Però, se osserviamo con attenzione, l’obiezione richiamata in apertura di articolo non riguarda tanto la decisione del singolo di astenersi doverosamente da alcuni atti, bensì la decisione di impedire che altri compiano alcune azioni considerate malvagie. In particolare, l’impedimento richiamato ha natura giuridica: si rifiuta, cioè, che un’azione considerata soggettivamente malvagia venga vietata ad altri a causa di una prescrizione legale.

Prima di tutto domandiamoci: è sempre doveroso impedire un atto malvagio? No, non è sempre doveroso. Impedire un atto malvagio è sì azione in sé buona, ma non sempre doverosa. A volte, è lecito astenersi dal compiere il bene – impedire che Tizio compia il male – per un bene maggiore. Per esempio, Caio, cliente che si trova nei locali di una banca, può lecitamente astenersi dall’impedire che Tizio rapini a mano armata la stessa banca, per ipotesi aggredendolo fisicamente, al fine di tutelare la propria incolumità (troviamo questo principio perfettamente espresso nella parabola della zizzania).

Anche lo Stato può omettere di impedire alcune condotte per un bene maggiore. Si chiama tolleranza giuridica: evitare di sanzionare perché la sanzione provocherebbe più danni che la condotta stessa. Il farmaco sarebbe peggiore del male da curare. Per esempio, nel nostro ordinamento giuridico il tentato suicidio non è reato, proprio perché, anche se l’attentato alla propria vita lede il bene comune, sanzionare con il carcere o con un’ammenda il tentato suicida sarebbe inefficace, non tanto sul profilo retributivo (riparare all’ingiustizia commessa), ma su quello della deterrenza (la prospettiva di finire in carcere se il tentativo di suicidio fallisse consoliderebbe per paradosso l’intento suicidario) e su quello pedagogico (è poco utile se non dannoso incarcerare un depresso).

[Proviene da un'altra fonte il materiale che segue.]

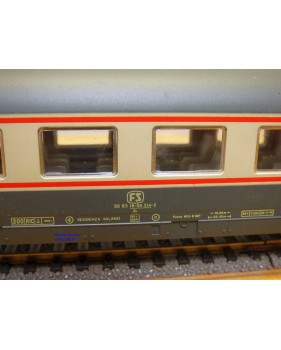RIVAROSSI V ABZ voiture grandes lignes mixte 1/2 ème Cl. type ABz FS 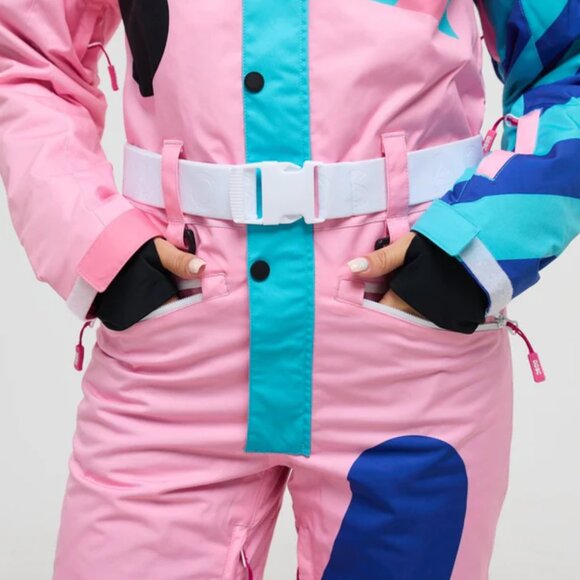 NEW OOSC Curved Ski Suit - Waterproof, Insulated for women 1225 16s8 - Picture 9 of 15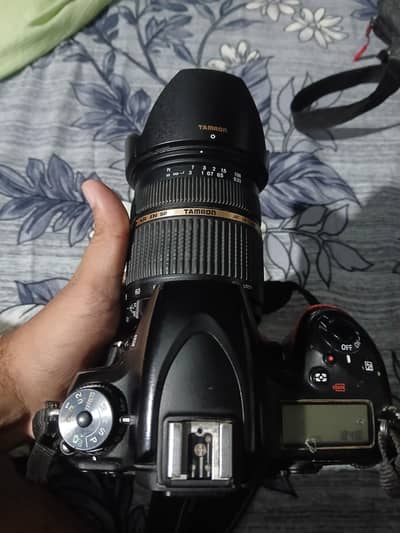 Nikon D750 with 24mm-70mm lens 2.4f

Vi sono invece condotte che lo Stato deve sempre impedire e per cui non vale il principio di tolleranza e le deve sempre impedire, sia per il tramite della legge sia per il tramite della forza pubblica, perché tali condotte sono distruttive del bene comune che lo Stato è invece chiamato a tutelare e avvalorare. Si tratta di quelle condotte che, generalmente, i codici penali degli Stati qualificano come reati: l’omicidio, il furto, il sequestro di persona, la violenza sessuale, etc. E quindi se il privato cittadino può anche non intervenire per sventare una rapina perché primariamente deve tutelare il suo bene personale, lo Stato all’opposto deve intervenire per sventare una rapina perché primariamente deve tutelare il bene pubblico. In merito all’aborto, allora, lo Stato non solo non dovrebbe riconoscere il diritto all’aborto in capo alle donne, non solo non dovrebbe obbligare i medici a compierlo, non solo non dovrebbe tollerarlo non punendolo, ma dovrebbe vietarlo sanzionandolo proprio perché un omicidio.

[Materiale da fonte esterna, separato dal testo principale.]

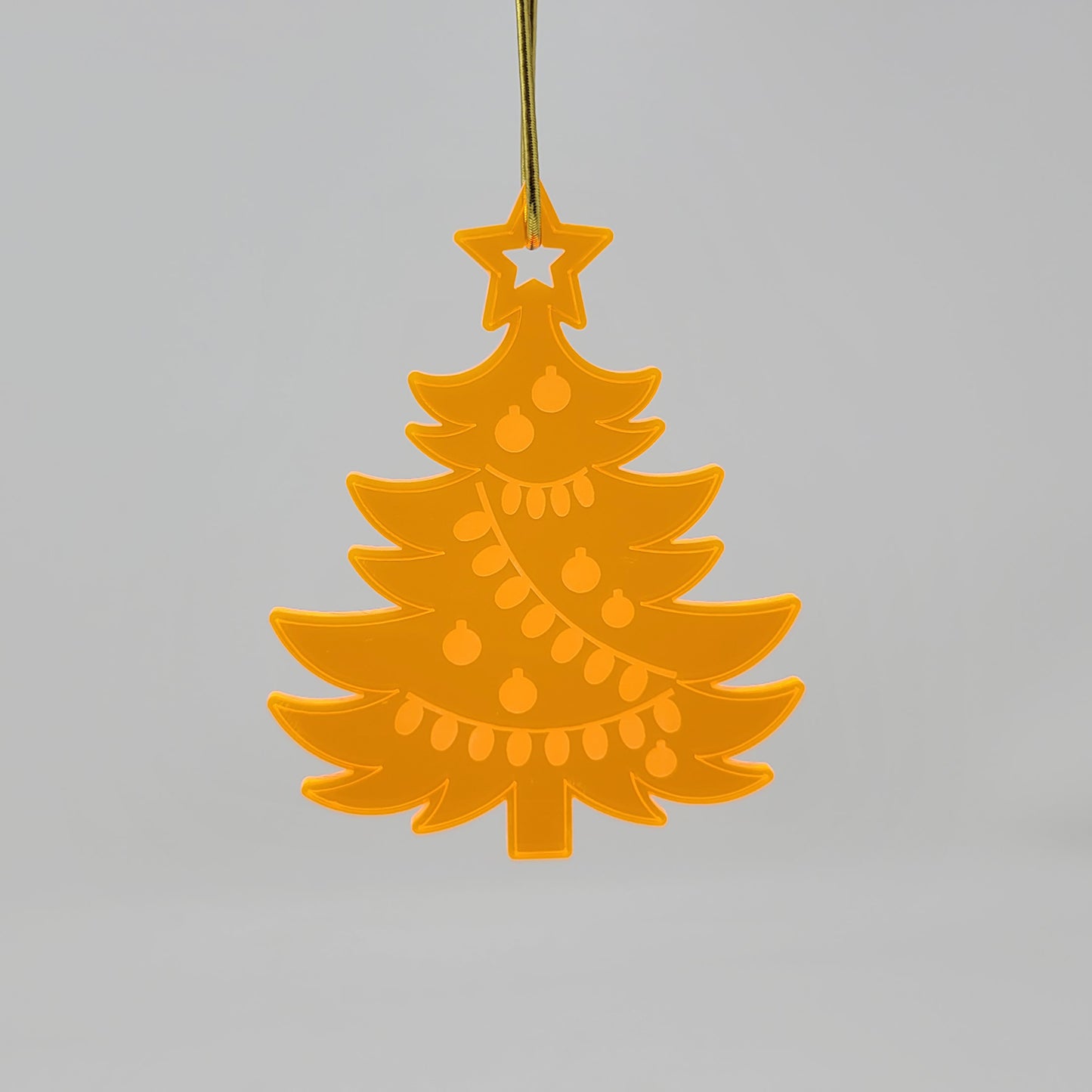 Christmas Tree Ornament Set of 4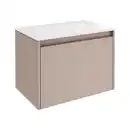 Bild 1 von FACKELMANN Waschplatz-Set »Compact Line«, BxHxT: 710 x 515 x 465 mm, Kaschmir grau
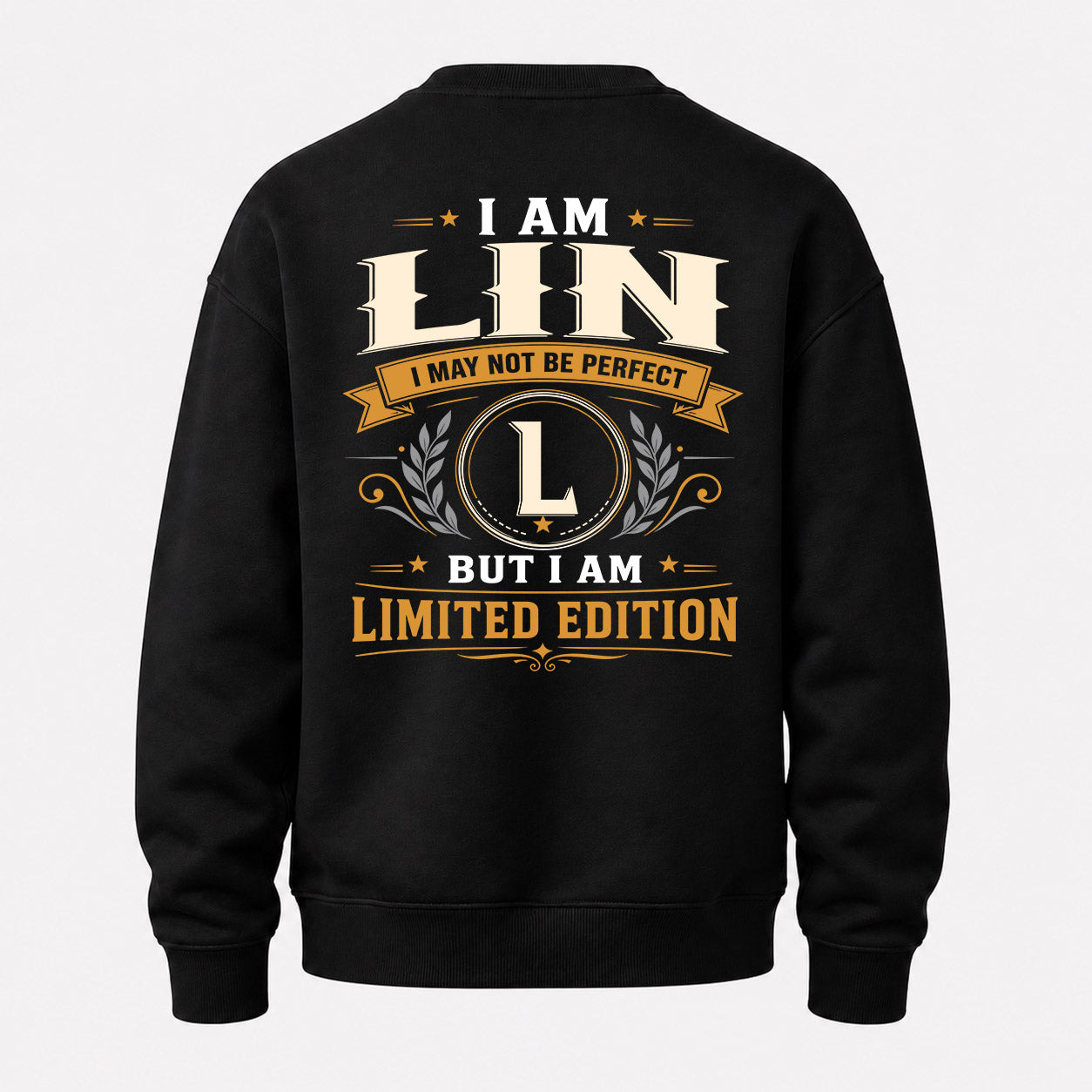 LIN  EDI-TT36 Personalized Funny Quote Apparel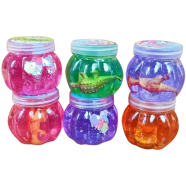 Baby Toys Mud Slime Crystal Color Hand Gum - Slime - 1Pc icon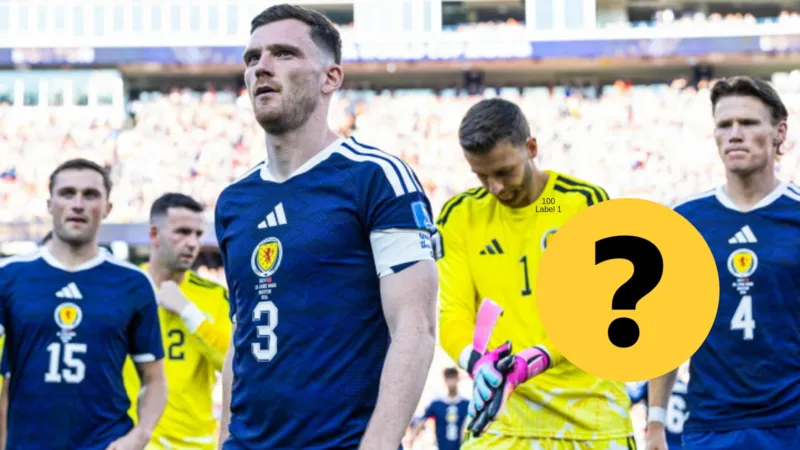 Robertson set to hit 100 Scotland caps - but who else makes top 10?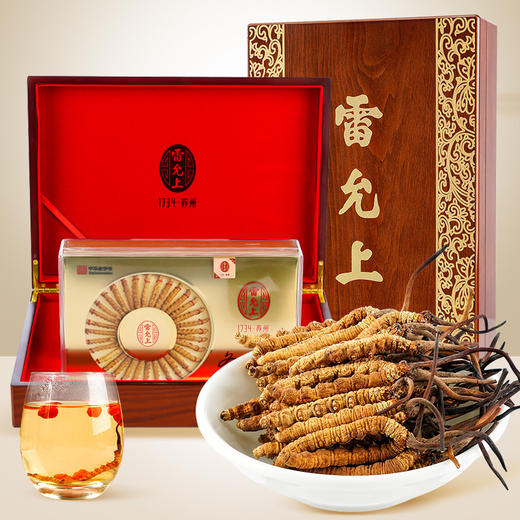 雷允上西藏AAAA级冬虫夏草15g/盒（-20） 商品图0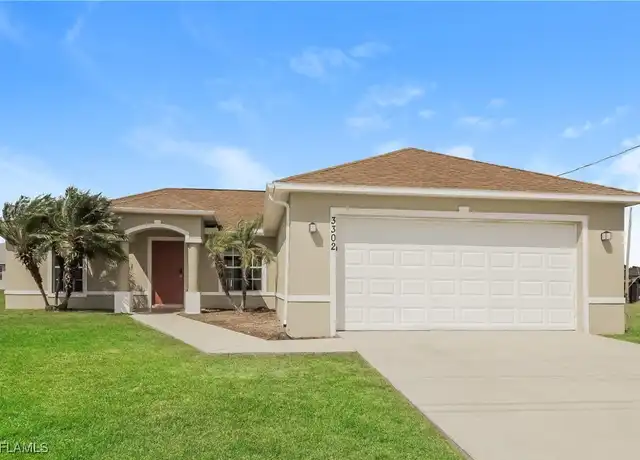 Property at 3302 33rd St SW, Lehigh Acres, FL, 33976, 3 beds, 2 baths, [object Object]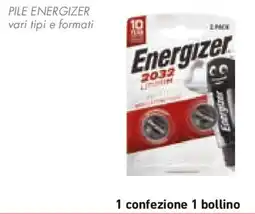 Conad Pile ENERGIZER offerta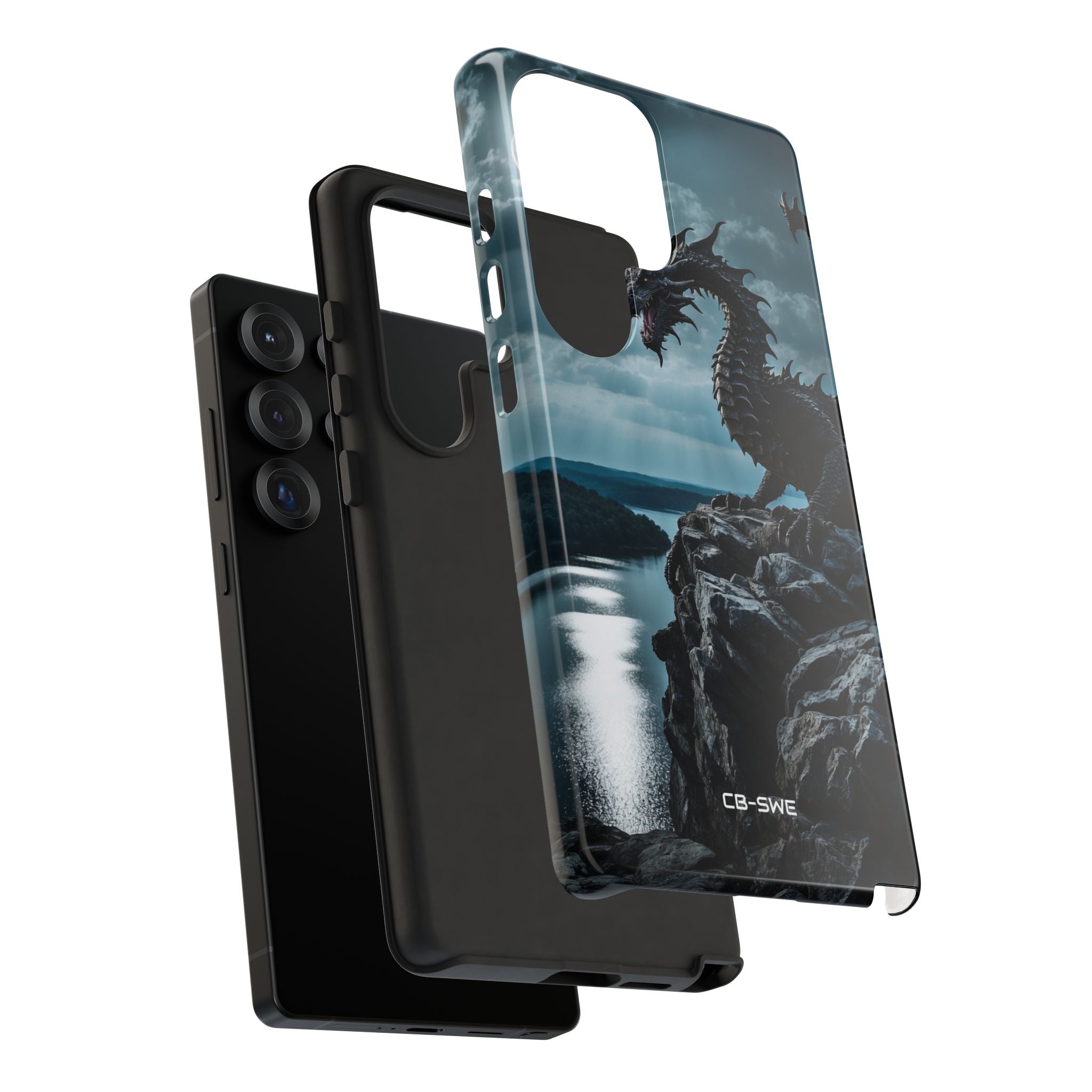 Dragon Soars Moonlight - Samsung Case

Giustificare poi la volontà di non impedire un aborto appellandosi alla libertà individuale è errato. La libertà è autentica solo se connessa con il vero bene della persona («la verità vi farà liberi», Gv 8,32), solo in riferimento alle azioni buone e non a quelle malvagie. Se seguissimo la logica sottesa all’obiezione «io non abortirei mai, ma devo lasciare la libertà di farlo a chi vuole» dovremmo, per coerenza logica, tutelare la libertà di chi vuole stuprare, compiere atti di pedofilia, truffare, etc.